By Denis Dyomkin and Suleiman Al-Khalidi
MOSCOW/GENEVA (Reuters) - President Vladimir Putin announced out of the blue on Monday that "the main part" of Russian armed forces in Syria would start to withdraw, telling his diplomats to step up the push for peace as U.N.-mediated talks resumed on ending the five-year-old war.
Damascus rejected any suggestion of a rift with Moscow, saying President Bashar al-Assad had agreed on the "reduction" of Russian forces in a telephone call with Putin.
Western diplomats speculated that Putin may be trying to press Assad into accepting a political settlement to the war, which has killed 250,000 people, although U.S. officials saw no sign yet of Russian forces preparing to pull out.
The anti-Assad opposition expressed bafflement, with a spokesman saying, "Nobody knows what is in Putin's mind".
Russia's military intervention in Syria in September helped to turn the tide of war in Assad's favor after months of gains in western Syria by rebel fighters, who were aided by foreign military supplies including U.S.-made anti-tank missiles.
Putin made his surprise announcement, that came with no advance word to the United States, at a meeting with his defense and foreign ministers.
Russian forces had largely fulfilled their objectives in Syria, Putin said. But he gave no deadline for the completion of the withdrawal and said forces would remain at a seaport and airbase in Syria's Latakia province.
In Geneva, United Nations mediator Staffan de Mistura told the warring parties there was no "Plan B" other than a resumption of conflict if the first of three rounds of talks that aim to agree a "clear roadmap" for Syria failed to make progress.
Putin and U.S. President Barack Obama spoke by phone on Monday about Syria, with the Kremlin saying the two leaders "called for an intensification of the process for a political settlement" to the conflict.

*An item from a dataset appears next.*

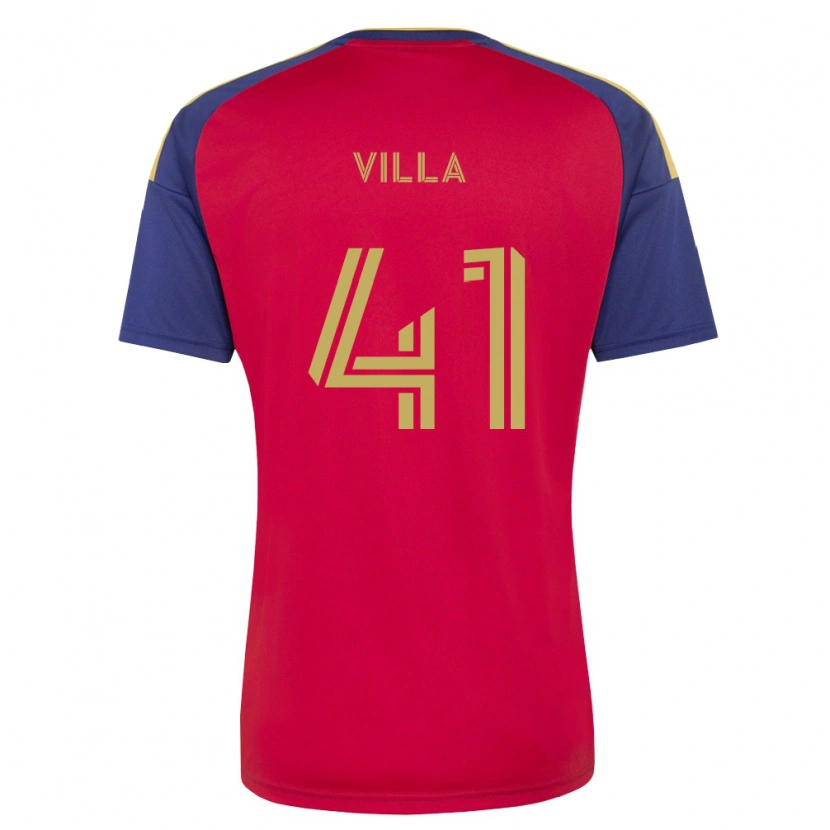Danxen Niño Camiseta Gio Villa #41 Azul Real Marrón Rojo 1ª Equipación 2026/27 La Camisa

The White House said Obama welcomed the reduction in violence since the beginning of the cessation of hostilities but "underscored that a political transition is required to end the violence in Syria.”
A U.S. official, speaking on condition of anonymity, said Washington was encouraged by Putin’s announcement but that it was too early to say what it means, whether he will carry it out and what may have motivated it.
Putin said at the Kremlin meeting that he was ordering the withdrawal from Tuesday of "the main part of our military contingent" from the country.
"The effective work of our military created the conditions for the start of the peace process," he said. "I believe that the task put before the defense ministry and Russian armed forces has, on the whole, been fulfilled."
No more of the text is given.